Dataset content:
====================
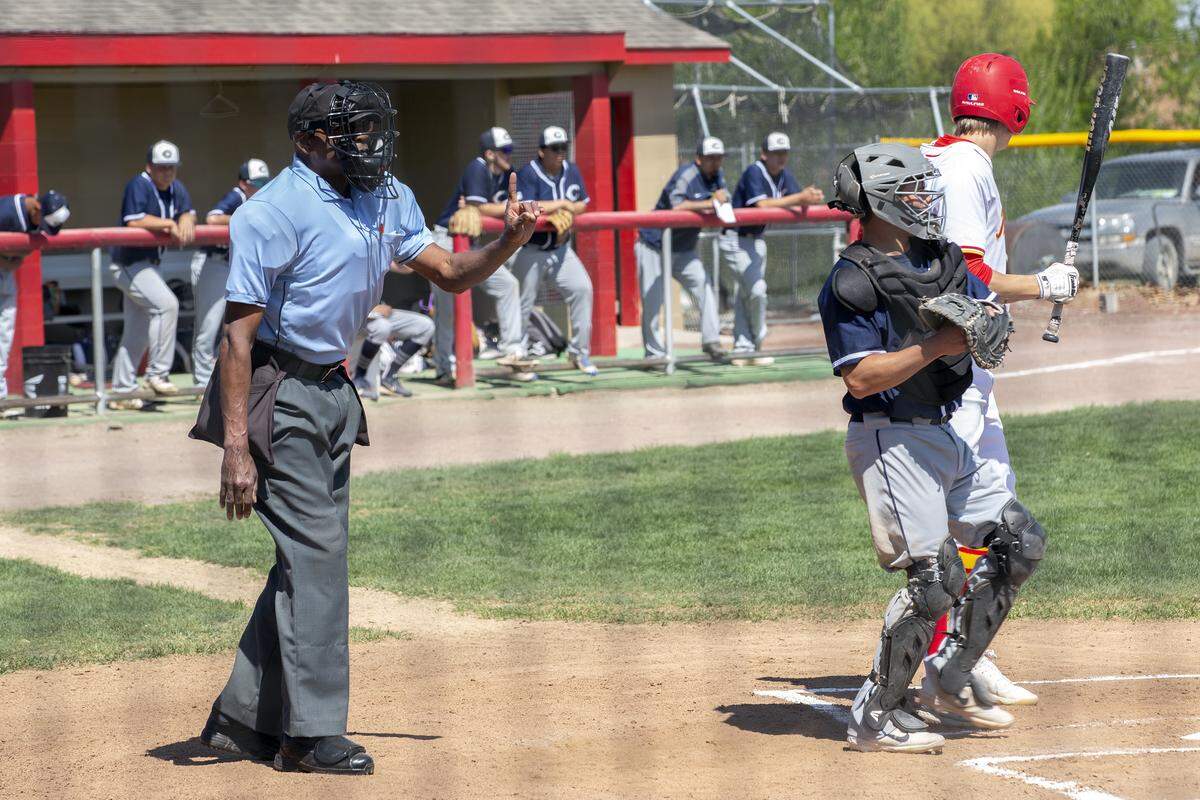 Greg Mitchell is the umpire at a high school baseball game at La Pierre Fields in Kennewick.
====================
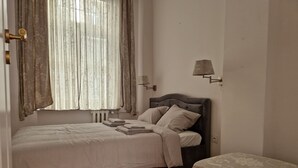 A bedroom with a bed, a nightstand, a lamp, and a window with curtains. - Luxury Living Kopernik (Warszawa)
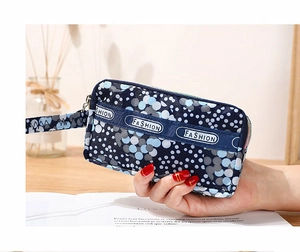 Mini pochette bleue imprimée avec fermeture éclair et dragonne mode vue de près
====================
Problem description: In the listing above, find the line containing "A bedroom with" and the line containing "Mini pochette bleue"; print those lines and every line between them exactly, leaving out pictures.

Result:
 A bedroom with a bed, a nightstand, a lamp, and a window with curtains. - Luxury Living Kopernik (Warszawa)
 Mini pochette bleue imprimée avec fermeture éclair et dragonne mode vue de près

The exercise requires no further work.